In the first two decades of the 20th century, a craze for sending and collecting postcards swept the nation. A confluence of events created perfect conditions in the U.S. for the spread of “postcarditis,” as some journalists called the craze. First and foremost among the contributing factors was the Post Office Department’s creation of a national network of daily, free home delivery of mail.

The Department first experimented with home delivery of mail in the countryside — called “rural free delivery” or RFD — in 1896. Rural delivery brought mail directly to farms; previously, farmers had to make lengthy, periodic trips into town to pick up their mail. The delivery network grew rapidly, and mail volume grew right along with it. The peak growth years of rural delivery — 1901 to 1909 — coincided with the postcard craze.

Women especially benefited from rural delivery — they sent three times as many postcards as men, and received four times as many. Holiday postcards, which emerged around 1903, became so popular that Post Offices struggled to keep up with delivery. In February 1907, The Chicago Daily Tribune reported that “the valentine mail … is the greatest in the history of the local post office,” with one-third consisting of “pictorial postal cards bearing cupids, hearts, flowers, and lovely maidens.” The next month, The New York Times reported on a “perfect flood of Easter mail.”

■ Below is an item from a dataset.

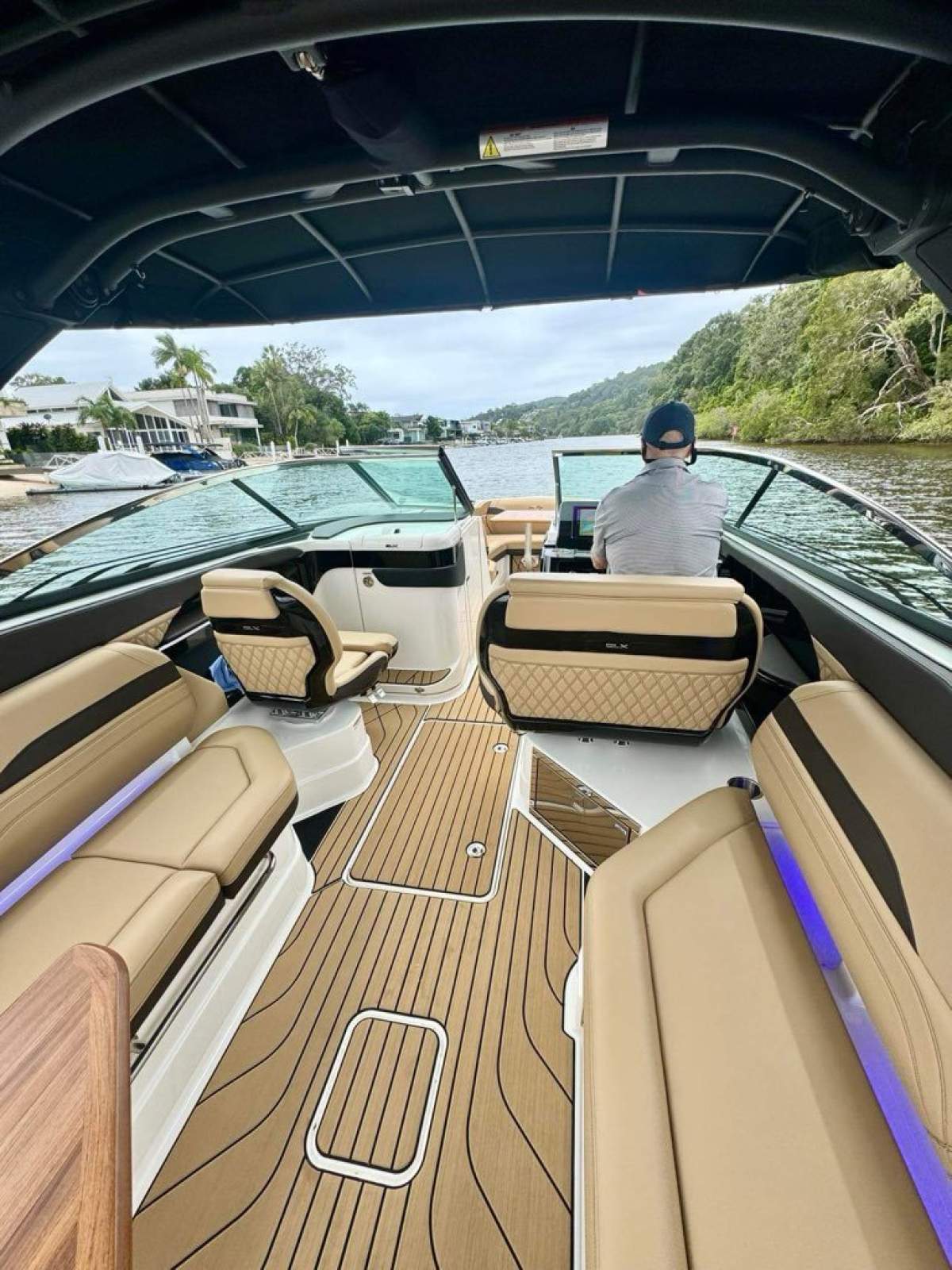 Sea Ray 280 SLX Bowrider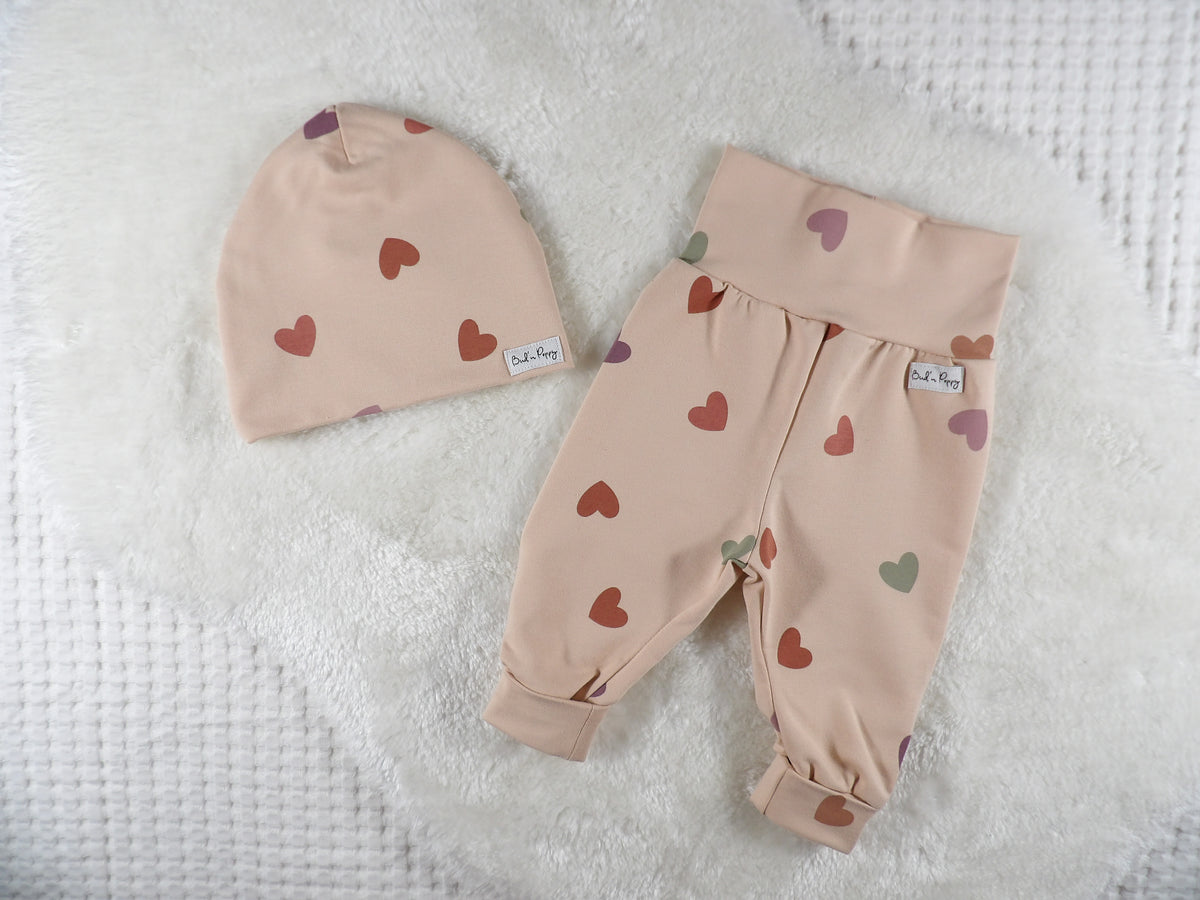 Complete Newborn Set – Little Hearts | Vallmo | Body, växa-byxa & mössa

Postcards were also embraced by travelers and tourists. In the summer of 1908, The Washington Post reported that postcards were “daily received by home-staying government employees from fellow clerks who have gone on vacations to cooler climes.” Arctic scenes were popular, including “cards portraying polar bears calmly riding through cool waters on the top of giant icebergs.”

During the height of the craze, most postcards sold in the United States were made in Germany. To protect American manufacturers, Congress increased import duties on foreign-made postcards in 1909.

The postcard craze peaked around 1910. Some historians credit the 1909 tariff act and World War I, which interrupted the flow of high-quality, low-cost imported cards, with ending the fad, but it may have been that the fad had simply run its course. Shortly after RFD connected the nation, telephone lines began crisscrossing America, offering an alternative form of quick communication.